Just yesterday we wrote about a new malware type that is bypassinga known Gatekeeper vulnerability. This vulnerability was disclosed in May by security researcher Filippo Cavallarin. The bug could allow a malicious binary downloaded from the internet to bypass Gatekeeper’s scanning process.
“On MacOS X version <= 10.14.5 (at time of writing) it is possible to easily bypass Gatekeeper in order to execute untrusted code without any warning or user's explicit permission,” the researcher wrote in May upon his discovery. So far, the researchers’ theory is that the malware maker was “merely conducting some detection testing reconnaissance“. Nonetheless, this is another reminder that malware developers are actively experimenting with new methods to bypass Apple’s built-in protection mechanisms. Let’s hope that the enhanced Gatekeeper of macOS Catalina will be powerful enough to prevent any attacks.
Other Noteworthy Security Features in macOS Catalina
Dedicated system volume
It’s noteworthy that macOS Catalina is designed to run “in a dedicated, read-only system volume. This means that it is separate from all other data, thus making sure that nothing can overwrite the critical operating system files.
“Previously many hardware peripherals and sophisticated features needed to run their code directly within macOS using kernel extensions, or kexts.

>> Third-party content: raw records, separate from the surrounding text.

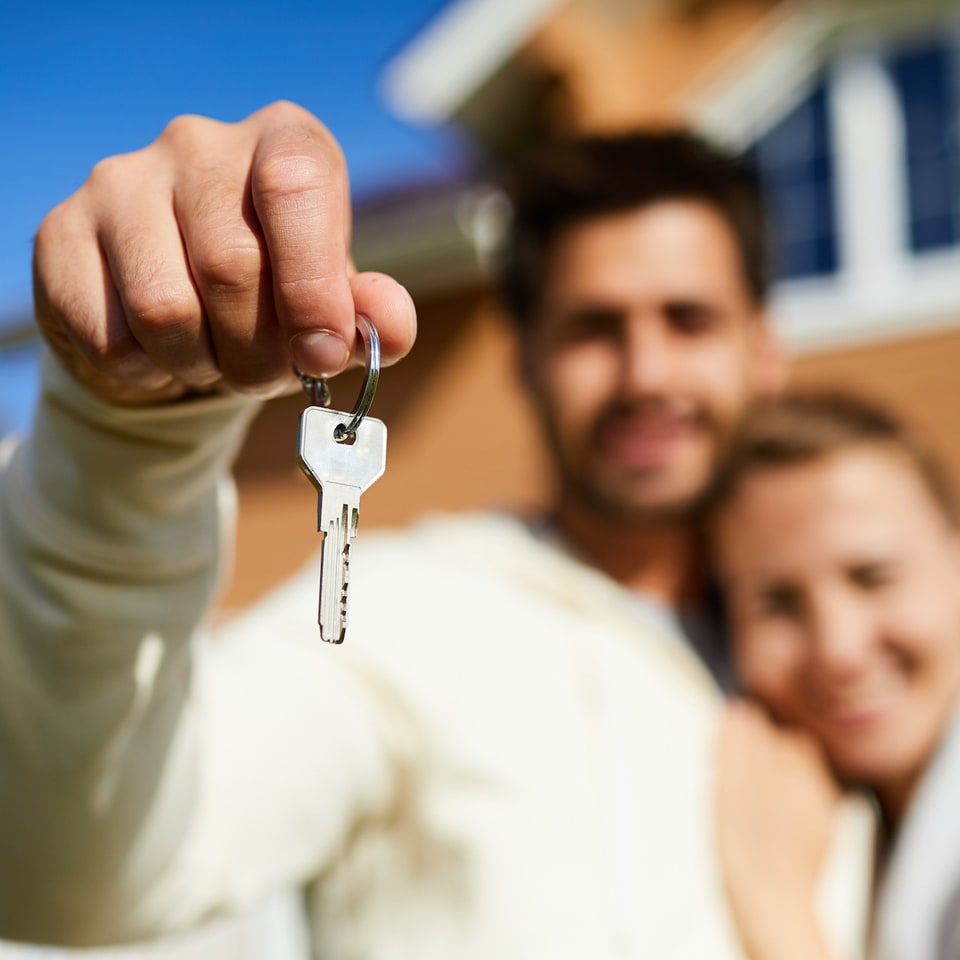 Vous n'êtes pas sur place pour rechercher votre logement, vous n'avez pas le temps ou vous ne connaissez pas la ville, B-side s'occupe de tout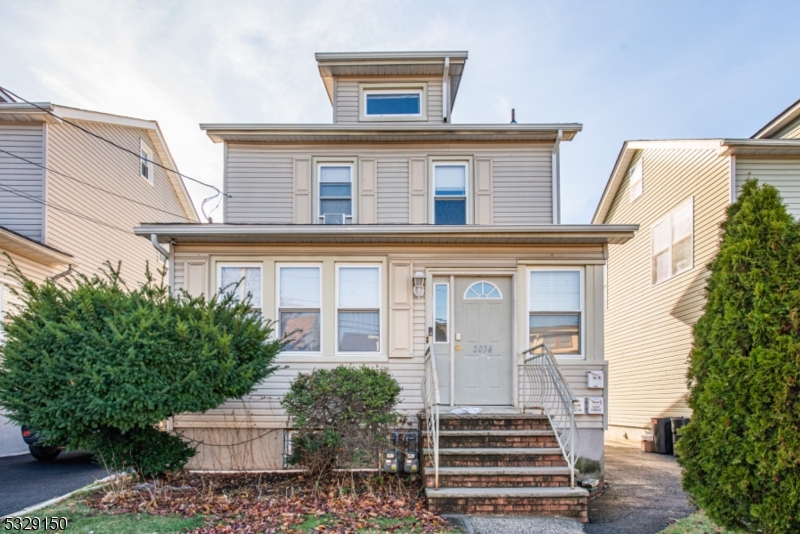 Spacious one bedroom apartment spanning the second and third stories of a two family home.  Beautiful hardwood floors and tons of natural light.  There is a bonus room in the attic currently being used as a bedroom.  Located close to downtown Union and all major highways.  Schedule a showing today.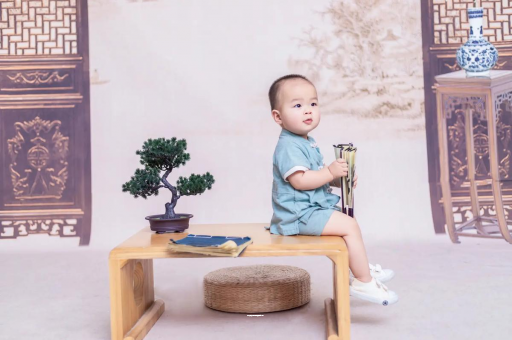 青岛孕妇肚子上的黑线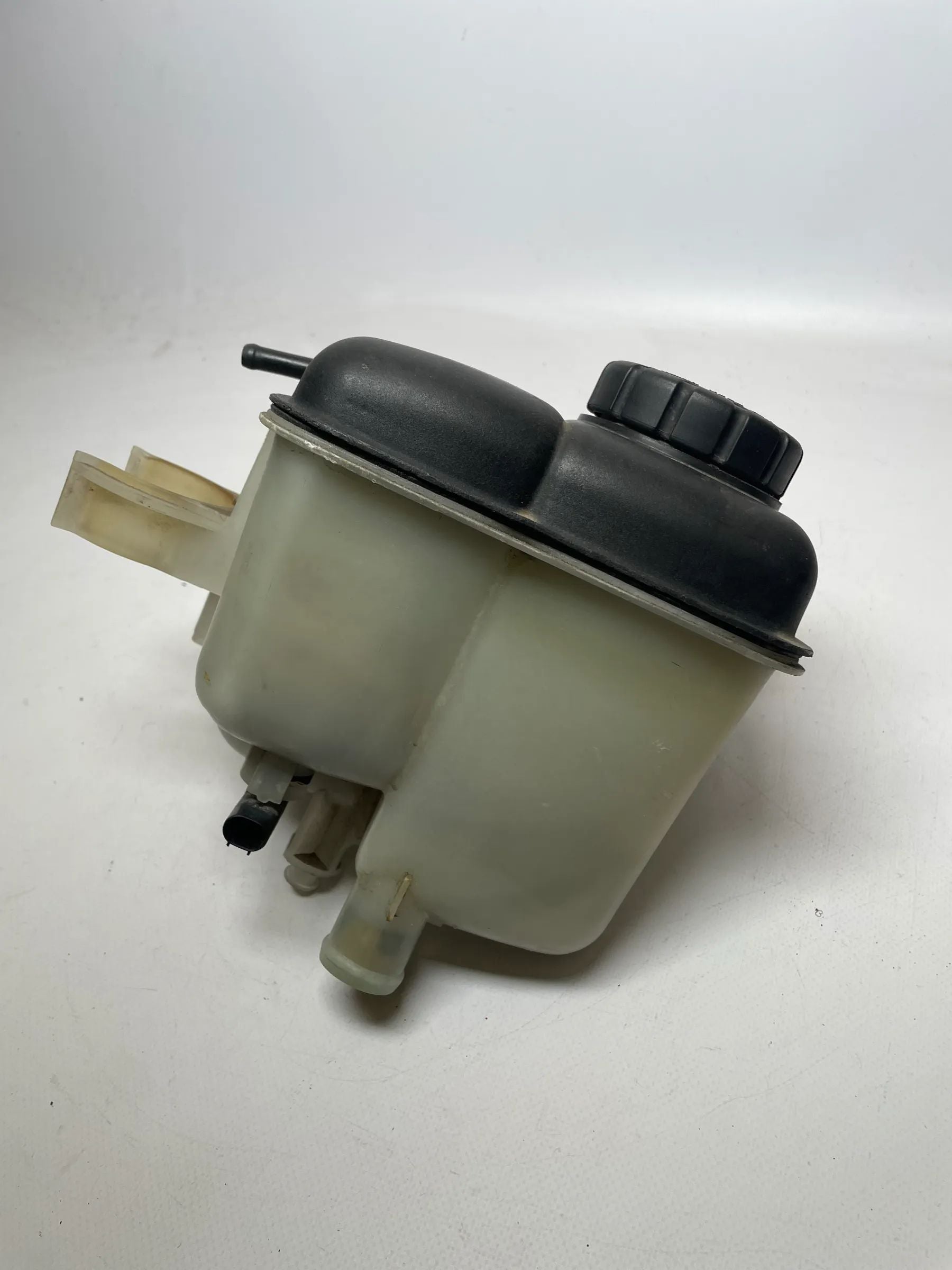 Original Mercedes-Benz C-Klasse (W203) Kühlmittelbehälter 2035000049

Now these programs run separately from the operating system, just like any other app, so they can’t affect macOS if something goes wrong“, Apple said.
MacOS Catalina is designed to ask the user before allowing an app to access their data in Documents, Desktop, and Download folders, as well as iCloud Drive, the folders of third-party cloud storage providers, removable media, and external volumes. The user is also asked before an app performs key logging or capturing of video of the screen.
Perhaps you’ve heard about Project Catalyst, or the idea to merge the development for iOS and Mac apps, enabling consumers to use them interchangeably on all kinds of Apple devices. In other words, Project Catalyst aims at making apps across macOS and iOS universal. In fact, the project was officially revealed during the Worldwide Developers Conference in 2018.
There is evidence within macOS Catalina suggesting that Apple has more in store for Project Catalyst.
Developer Steve Troughton-Smith recently shared on Twitter evidence that Apple is working on Catalyst versions of two new applications, Messages and Shortcuts. But why is Apple working on such a project?
The reasons may vary. Some people speculate that Apple may be looking for a way to save Mac App Store as it has been a bit of deserted recently. Twitter removed its app from the store for the reason that most users use the web application. Furthermore, it appears that the number of developers using it is rather small. So, if Apple can grab the intensity of its iOS third-party development and bring it to Mac, the company will have plenty of new possibilities in a new market.